PRACE Course: HPC Code Optimisation Workshop 2022

LRZ PRACE

Learning Goals

Through a sequence of simple, guided examples of code modernisation, the attendees will develop awareness on features of multi and many-core architecture which are crucial for writing modern, portable and efficient applications.

A special focus will be dedicated to scalar and vector optimisations for the Intel® Xeon® Scalable processor, code-named Skylake, utilised in the SuperMUC-NG machine at LRZ.

The workshop interleaves lecture and practical sessions.

Preliminary Agenda

	Session
1st day morning (10:00-12:00)	Intro (Volker Weinberg) Intro to LRZ HPC Systems and Software Stack (Gerald Mathias, Nisarg Patel) Principles of optimization (Jonathan Coles)
1st day afternoon (13:00-16:00)	HPC Architecture, Vectorization Example code Data structures (Jonathan Coles)
2nd day morning (10:00-12:00)	Profiling: Code instrumentation, Roofline Model, Intel Advisor (Jonathan Coles)
2nd day afternoon (13:00-16:00)	Debuggers (Gerald Mathias) Additional Tools: valgrind and Cache simulators. (Josef Weidendorfer) I/O Considerations (Patrick Böhl)
3rd day morning (10:00-12:00)	LikWid (Carla Guillen/Thomas Gruber) HPC report (Carla Guillen)
3rd day afternoon (13:00-16:00)	Optimisation highlights by LRZ (CXS Group LRZ) Q&A

The workshop is a PRACE training event organised by LRZ in cooperation with NHR@FAU .

Lecturers

Dr.
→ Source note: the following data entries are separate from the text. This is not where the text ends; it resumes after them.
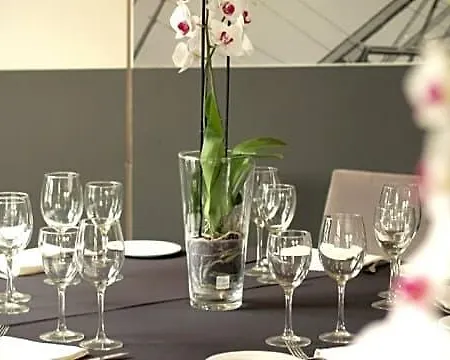 Hotell Puente Colgante Boutique
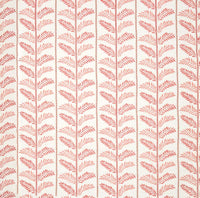 Jardiniere Plumier NCF4462-02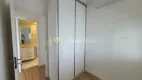 Foto 9 de Flat com 1 Quarto para alugar, 68m² em Pinheiros, São Paulo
Patrick Böhl, Dr. Jonathan Coles, Dr. Gerald Mathias , Dr. Carla Guillen, Nisarg Patel, Dr. Josef Weidendorfer (LRZ)

Thomas Gruber (NHR@FAU)

Slides and Exercises

COW-Code.tar.gzhdf5_examples.tarCOW-Code2.tar.gz

Recommended Access Tools

Exercises will be done on the CooLMUC2 Cluster @ LRZ with 28-way Haswell-based nodes and FDR14 Infiniband interconnect
Please use your own laptop or PC with X11 support and an ssh client installed for the hands-on sessions.
- Under Windows
  - Install and run the Xming X11 Server for Windows: https://sourceforge.net/projects/xming/ and then install and run the terminal software putty: https://www.chiark.greenend.org.uk/~sgtatham/putty/latest.html
  - Alternatively, we recommend to install the comfortable tool MobaXterm (https://mobaxterm.mobatek.net/download-home-edition.html) which also includes an X11 client.
- Under macOS
  - Install X11 support for macOS XQuartz: https://www.xquartz.org/
- Under Linux
  - ssh and X11 support comes with all distributions

Login under Windows:

Start xming and after that PUTTY
Enter host name lxlogin1.lrz.de into the putty host field and click Open.
Accept & save host key [only first time]
Enter user name and password (provided by LRZ staff) into the opened console.

Login under Mac:

Install X11 support for MacOS XQuartz: https://www.xquartz.org/
Open Terminal
ssh -Y lxlogin1.lrz.de -l username
Use user name and password (provided by LRZ staff)

Login under Linux:

Open xterm
ssh -Y lxlogin1.lrz.de -l username
Use user name and password (provided by LRZ staff)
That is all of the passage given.